= Gary Benson (musician) =

English singer and songwriter

Gary Benson (born Harry Hyams) is an English singer and songwriter.

==Career==
Benson spent eight weeks on the UK Singles Chart in 1975 with his own composition, "Don't Throw It All Away". The single, released on the State Records label (State Records STAT10), reached No. 20 on the chart, leading to an appearance on BBC Television's Top of the Pops. The song had originally been recorded by the Shadows, and they had performed it in the 1975 A Song for Europe contest, where it finished fourth of six entries. The song was covered in the United States by the Delfonics in 1978. There are also a number of reggae versions that include a dancehall style cut by Barrington Levy. Olivia Newton-John recorded a version of the track, including it on her 1976 album Come On Over.

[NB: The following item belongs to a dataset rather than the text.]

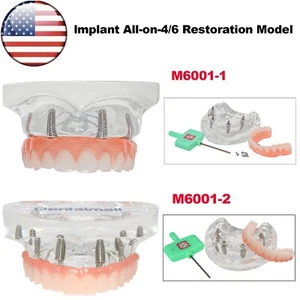 US Dental Overdenture Restoration Teeth Model Upper Jaw Type With 4/6 Screws - Picture 1 of 39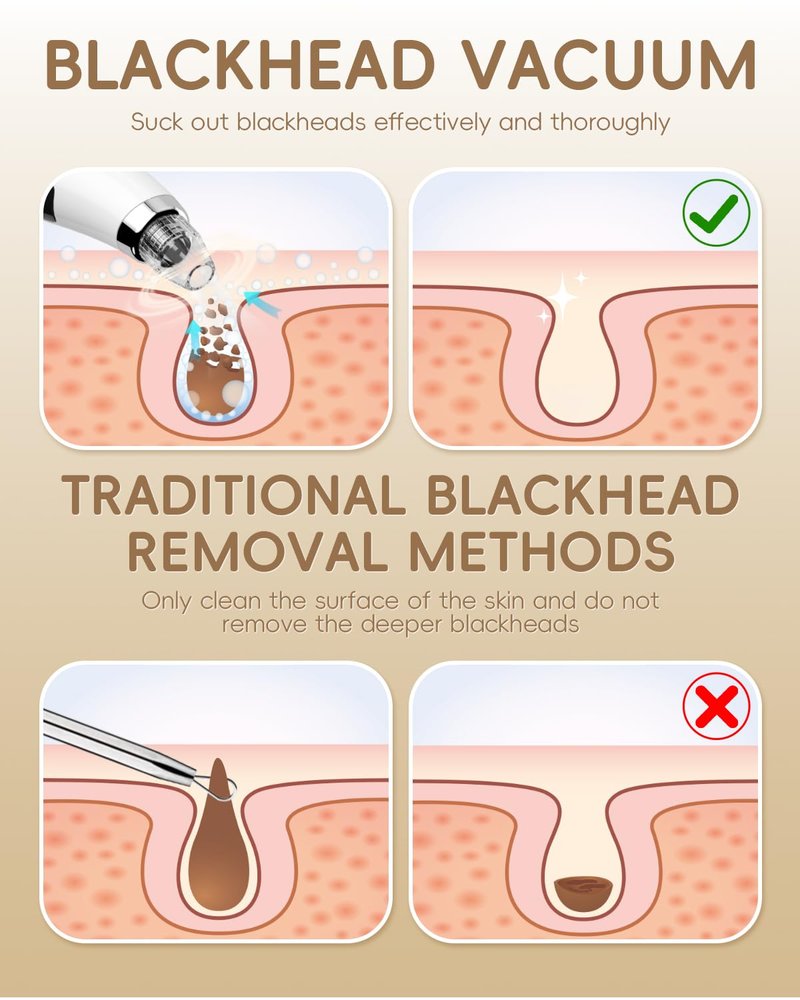 Pore Vacuum Blackhead Remover - Pore Extractor with 5 Attachments & 3 Suction Levels - Blackhead Remover Tools for Women and Men (White)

Benson had previously written a finalist for the 1974 UK competition, finishing last with the song "Someday", one of the six shortlisted entries performed by Olivia Newton-John. Benson had further attempts at winning the UK ticket to the Eurovision Song Contest, reaching the UK finals in 1977 with "After All This Time", performed by Wesley, Park and Smith, finishing fifth of 12; in 1981 with "All Cried Out", which he performed himself to place fourth of 8, and was later released on the WEA label; and in 1993 with "It's Just a Matter of Time" performed by Sonia, finishing last of eight entries. Benson tried again in 1998 with Alan Glass on the song "Give It Up" performed by Lisa Millet which finished eighth of the eight songs in the preliminary radio heat.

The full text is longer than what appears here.